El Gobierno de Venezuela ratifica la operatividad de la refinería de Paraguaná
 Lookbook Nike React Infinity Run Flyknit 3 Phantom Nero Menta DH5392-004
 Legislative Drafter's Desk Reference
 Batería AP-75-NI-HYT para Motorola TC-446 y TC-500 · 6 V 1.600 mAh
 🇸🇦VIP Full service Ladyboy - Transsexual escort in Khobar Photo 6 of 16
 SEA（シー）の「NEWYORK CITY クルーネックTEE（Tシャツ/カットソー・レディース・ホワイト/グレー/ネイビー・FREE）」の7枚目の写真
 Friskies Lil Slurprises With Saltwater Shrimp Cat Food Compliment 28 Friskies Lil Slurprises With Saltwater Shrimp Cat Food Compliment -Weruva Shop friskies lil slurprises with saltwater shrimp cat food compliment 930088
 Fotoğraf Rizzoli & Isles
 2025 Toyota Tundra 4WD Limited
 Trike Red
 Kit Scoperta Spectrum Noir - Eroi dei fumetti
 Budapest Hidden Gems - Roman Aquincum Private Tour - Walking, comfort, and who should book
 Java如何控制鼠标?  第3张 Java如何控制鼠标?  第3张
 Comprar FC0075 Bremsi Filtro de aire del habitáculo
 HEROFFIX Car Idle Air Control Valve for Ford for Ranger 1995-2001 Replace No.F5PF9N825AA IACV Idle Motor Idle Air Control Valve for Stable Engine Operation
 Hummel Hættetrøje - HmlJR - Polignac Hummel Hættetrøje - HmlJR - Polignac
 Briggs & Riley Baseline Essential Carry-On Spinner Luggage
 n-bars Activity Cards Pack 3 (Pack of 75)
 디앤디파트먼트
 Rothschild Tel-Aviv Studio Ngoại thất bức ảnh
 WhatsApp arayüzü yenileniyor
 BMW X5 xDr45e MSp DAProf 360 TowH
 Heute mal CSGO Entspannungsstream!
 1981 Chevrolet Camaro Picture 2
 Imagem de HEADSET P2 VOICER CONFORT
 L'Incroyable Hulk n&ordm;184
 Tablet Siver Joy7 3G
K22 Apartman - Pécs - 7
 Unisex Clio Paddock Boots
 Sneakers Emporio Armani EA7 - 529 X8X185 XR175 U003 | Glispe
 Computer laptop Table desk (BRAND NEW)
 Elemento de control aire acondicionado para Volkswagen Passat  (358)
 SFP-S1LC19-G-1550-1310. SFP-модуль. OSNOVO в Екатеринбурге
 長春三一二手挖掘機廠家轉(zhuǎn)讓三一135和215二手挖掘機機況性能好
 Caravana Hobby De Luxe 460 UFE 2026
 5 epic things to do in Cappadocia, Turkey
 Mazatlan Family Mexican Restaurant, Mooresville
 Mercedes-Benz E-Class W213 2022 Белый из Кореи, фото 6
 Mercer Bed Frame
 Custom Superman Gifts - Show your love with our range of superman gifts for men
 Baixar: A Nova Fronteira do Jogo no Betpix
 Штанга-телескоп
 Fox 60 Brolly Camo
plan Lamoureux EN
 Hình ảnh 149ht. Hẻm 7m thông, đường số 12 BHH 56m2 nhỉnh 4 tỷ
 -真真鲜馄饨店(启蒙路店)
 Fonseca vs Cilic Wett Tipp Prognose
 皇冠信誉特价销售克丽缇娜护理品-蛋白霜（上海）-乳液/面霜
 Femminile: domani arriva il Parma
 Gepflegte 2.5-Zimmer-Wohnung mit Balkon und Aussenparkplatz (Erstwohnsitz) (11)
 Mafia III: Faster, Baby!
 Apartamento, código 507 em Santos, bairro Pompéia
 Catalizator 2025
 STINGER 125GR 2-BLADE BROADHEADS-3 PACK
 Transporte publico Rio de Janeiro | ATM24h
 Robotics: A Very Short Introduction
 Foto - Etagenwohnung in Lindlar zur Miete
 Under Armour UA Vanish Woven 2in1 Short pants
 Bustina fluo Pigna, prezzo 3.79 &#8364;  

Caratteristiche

## The problem
Reply by returning the full set of records above exactly.

## Result
El Gobierno de Venezuela ratifica la operatividad de la refinería de Paraguaná
 Lookbook Nike React Infinity Run Flyknit 3 Phantom Nero Menta DH5392-004
 Legislative Drafter's Desk Reference
 Batería AP-75-NI-HYT para Motorola TC-446 y TC-500 · 6 V 1.600 mAh
 🇸🇦VIP Full service Ladyboy - Transsexual escort in Khobar Photo 6 of 16
 SEA（シー）の「NEWYORK CITY クルーネックTEE（Tシャツ/カットソー・レディース・ホワイト/グレー/ネイビー・FREE）」の7枚目の写真
 Friskies Lil Slurprises With Saltwater Shrimp Cat Food Compliment 28 Friskies Lil Slurprises With Saltwater Shrimp Cat Food Compliment -Weruva Shop friskies lil slurprises with saltwater shrimp cat food compliment 930088
 Fotoğraf Rizzoli & Isles
 2025 Toyota Tundra 4WD Limited
 Trike Red
 Kit Scoperta Spectrum Noir - Eroi dei fumetti
 Budapest Hidden Gems - Roman Aquincum Private Tour - Walking, comfort, and who should book
 Java如何控制鼠标?  第3张 Java如何控制鼠标?  第3张
 Comprar FC0075 Bremsi Filtro de aire del habitáculo
 HEROFFIX Car Idle Air Control Valve for Ford for Ranger 1995-2001 Replace No.F5PF9N825AA IACV Idle Motor Idle Air Control Valve for Stable Engine Operation
 Hummel Hættetrøje - HmlJR - Polignac Hummel Hættetrøje - HmlJR - Polignac
 Briggs & Riley Baseline Essential Carry-On Spinner Luggage
 n-bars Activity Cards Pack 3 (Pack of 75)
 디앤디파트먼트
 Rothschild Tel-Aviv Studio Ngoại thất bức ảnh
 WhatsApp arayüzü yenileniyor
 BMW X5 xDr45e MSp DAProf 360 TowH
 Heute mal CSGO Entspannungsstream!
 1981 Chevrolet Camaro Picture 2
 Imagem de HEADSET P2 VOICER CONFORT
 L'Incroyable Hulk n&ordm;184
 Tablet Siver Joy7 3G
K22 Apartman - Pécs - 7
 Unisex Clio Paddock Boots
 Sneakers Emporio Armani EA7 - 529 X8X185 XR175 U003 | Glispe
 Computer laptop Table desk (BRAND NEW)
 Elemento de control aire acondicionado para Volkswagen Passat  (358)
 SFP-S1LC19-G-1550-1310. SFP-модуль. OSNOVO в Екатеринбурге
 長春三一二手挖掘機廠家轉(zhuǎn)讓三一135和215二手挖掘機機況性能好
 Caravana Hobby De Luxe 460 UFE 2026
 5 epic things to do in Cappadocia, Turkey
 Mazatlan Family Mexican Restaurant, Mooresville
 Mercedes-Benz E-Class W213 2022 Белый из Кореи, фото 6
 Mercer Bed Frame
 Custom Superman Gifts - Show your love with our range of superman gifts for men
 Baixar: A Nova Fronteira do Jogo no Betpix
 Штанга-телескоп
 Fox 60 Brolly Camo
plan Lamoureux EN
 Hình ảnh 149ht. Hẻm 7m thông, đường số 12 BHH 56m2 nhỉnh 4 tỷ
 -真真鲜馄饨店(启蒙路店)
 Fonseca vs Cilic Wett Tipp Prognose
 皇冠信誉特价销售克丽缇娜护理品-蛋白霜（上海）-乳液/面霜
 Femminile: domani arriva il Parma
 Gepflegte 2.5-Zimmer-Wohnung mit Balkon und Aussenparkplatz (Erstwohnsitz) (11)
 Mafia III: Faster, Baby!
 Apartamento, código 507 em Santos, bairro Pompéia
 Catalizator 2025
 STINGER 125GR 2-BLADE BROADHEADS-3 PACK
 Transporte publico Rio de Janeiro | ATM24h
 Robotics: A Very Short Introduction
 Foto - Etagenwohnung in Lindlar zur Miete
 Under Armour UA Vanish Woven 2in1 Short pants
 Bustina fluo Pigna, prezzo 3.79 &#8364;  

Caratteristiche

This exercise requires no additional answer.